**TO DO:** Transcribe the line that contains "Boho Women's Short" and every line after it to the end of the records, exactly and nothing else. Skip the pictures.

BEGIN

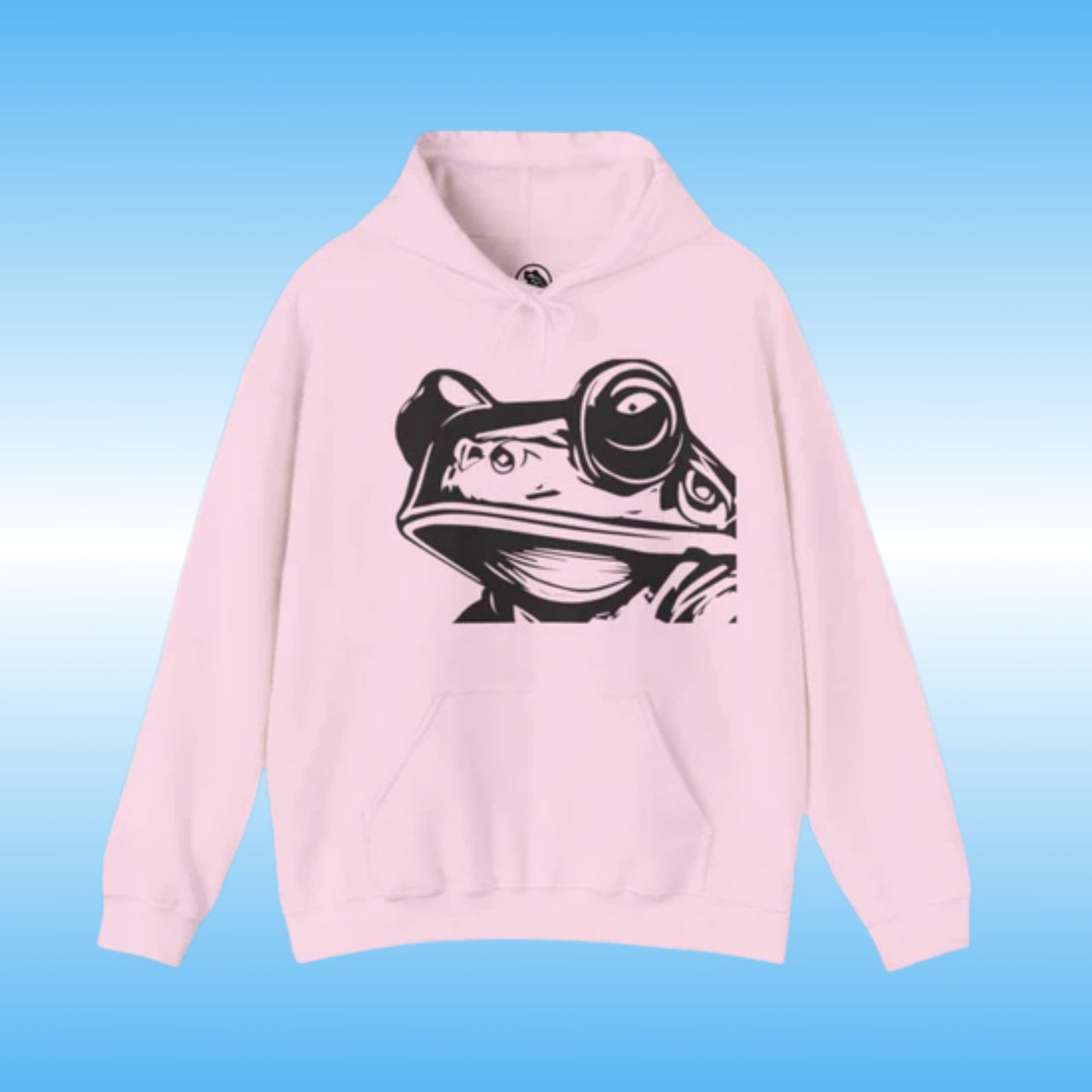 Bill – The Hoodie with Purpose pink frontside with bill the creature character from Paddle Frogs logo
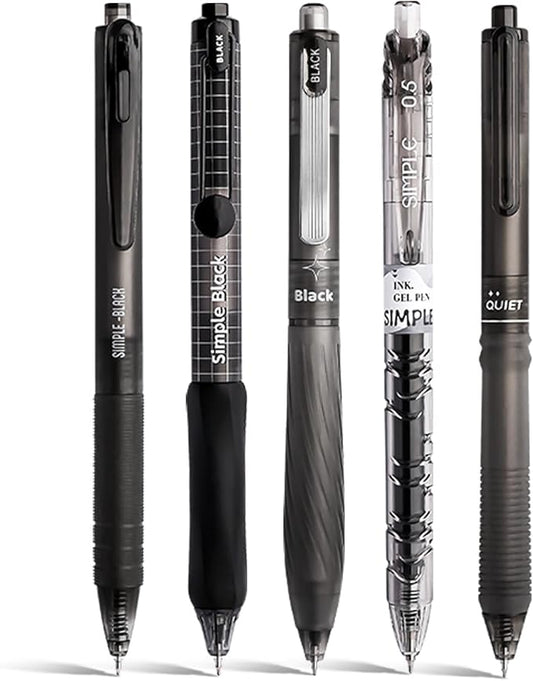 5 Count Pastel Gel Ink Pen Set,Cute Note Taking 0.5mm Fine Point Retractable 5 Count Black Ink Pens for Writing, Journaling, School, Office (Black Clear)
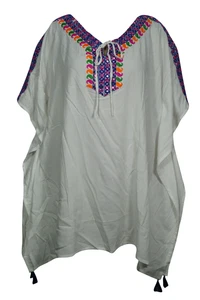 Boho Women's Short Kaftan Kimono Sleeves Embroidered Loose Beach Cover Up Dress 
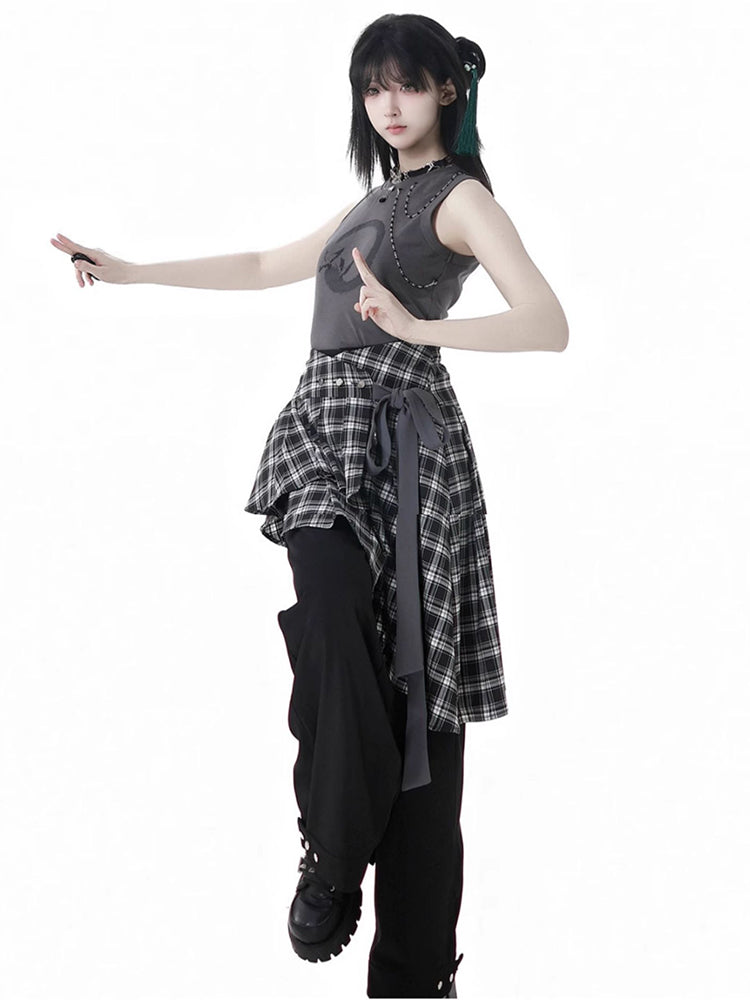 Chinese-Style Shirt Vest / Plaid Waist Cincher / Pants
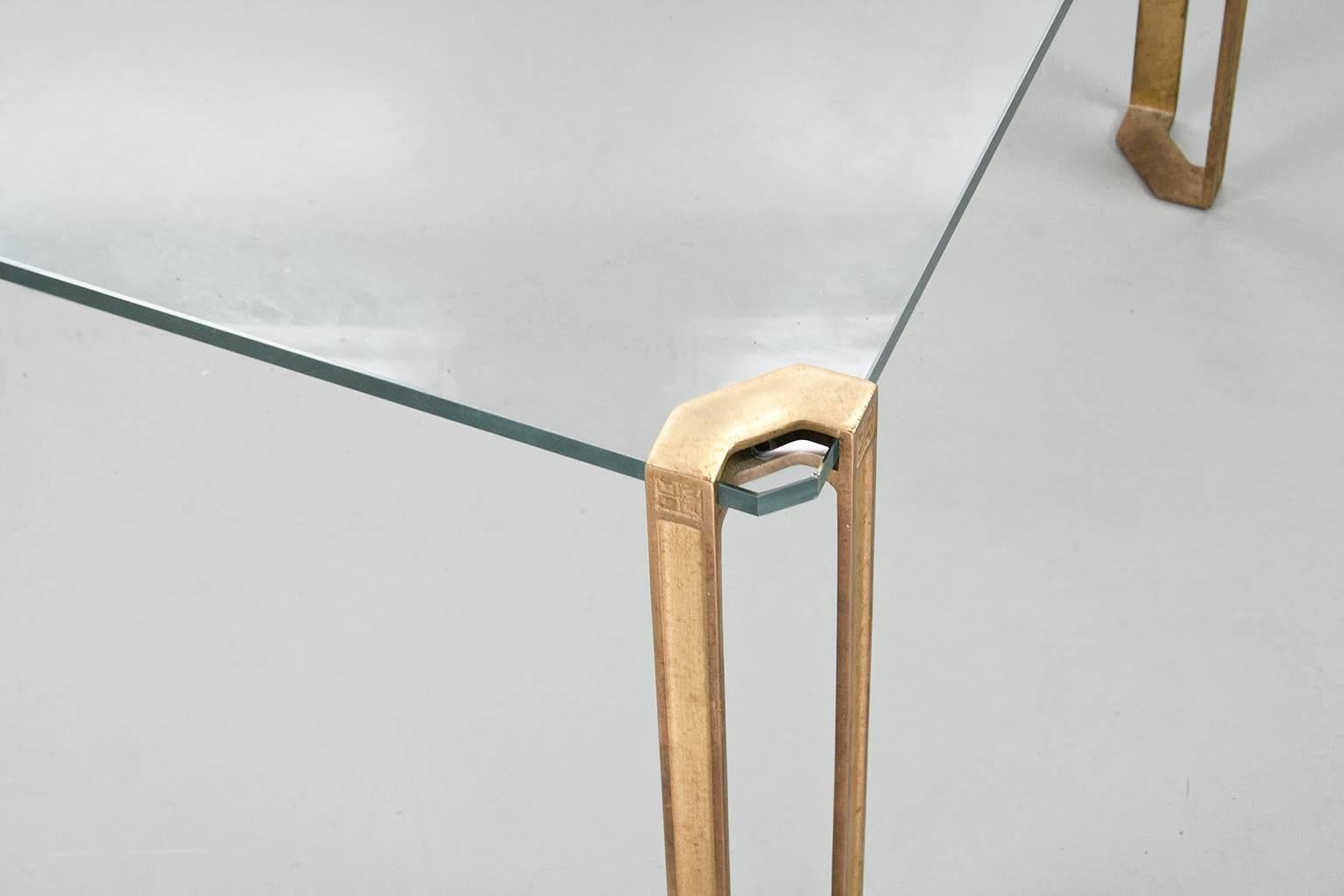 Dutch Peter Ghyczy Brass and Glass Table, 1970s Minimalistic Modern Design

END

**RESPONSE FOR THIS EXERCISE:**
 Boho Women's Short Kaftan Kimono Sleeves Embroidered Loose Beach Cover Up Dress 
 Chinese-Style Shirt Vest / Plaid Waist Cincher / Pants
 Dutch Peter Ghyczy Brass and Glass Table, 1970s Minimalistic Modern Design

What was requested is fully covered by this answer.